Call us crazy, but we’ve gotta say that maybe—and this is just a thought—the UM College of Humanities and Sciences shouldn’t downsize its tech support department. Never is a cut like that especially ideal, but there could not be a worse time. It’s not like there is a worldwide pandemic that already forced the entire University to switch to remote instruction or anything.
We understand the tightened budget, and the shift to one, centralized IT department could make sense. That is, if it had been made just a few months earlier, before the back to-school rush. Or if it weren’t at the start of a new semester, again, during a pandemic.
The College of Humanities and Sciences has not completely abandoned its students. If you are in desperate need of tech support, you can call the IT Central Helpdesk and hope to be the lucky 400-something caller on its waitlist! Your learning and tech needs are important, and will be taken care of immediately—in 2 to 3 months.
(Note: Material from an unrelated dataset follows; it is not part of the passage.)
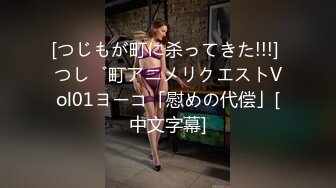 【新片速遞 】 女神级漂亮妹子宾馆伺候小哥激情啪啪，温柔的舔弄大鸡巴，激情上位还要给小哥舔乳头好刺激，压在身下蹂躏[1.51G/MP4/01:06:29]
Good thing that laptop isn’t super pertinent to your education, right?
In all seriousness, the decision to cut GrizTech is not only unfair to the students who have been working all summer, managing more than 200 pages for the University’s website, but to less tech-savvy students and (in most cases) even less tech-savvy professors. Making the adjustment to remote learning is difficult enough without being stripped of help from a University where students are paying too much tuition and teachers are getting paid too little to teach.
In this issue, we cover GrizTech’s closure and the employees — both students and full-time staff members — who lost their jobs the first day of fall semester. The cuts are ostensibly a way for the University to save money after revenue losses of pandemic proportions. Hmm, but what about those squat racks at our new Fitness and Recreation Center?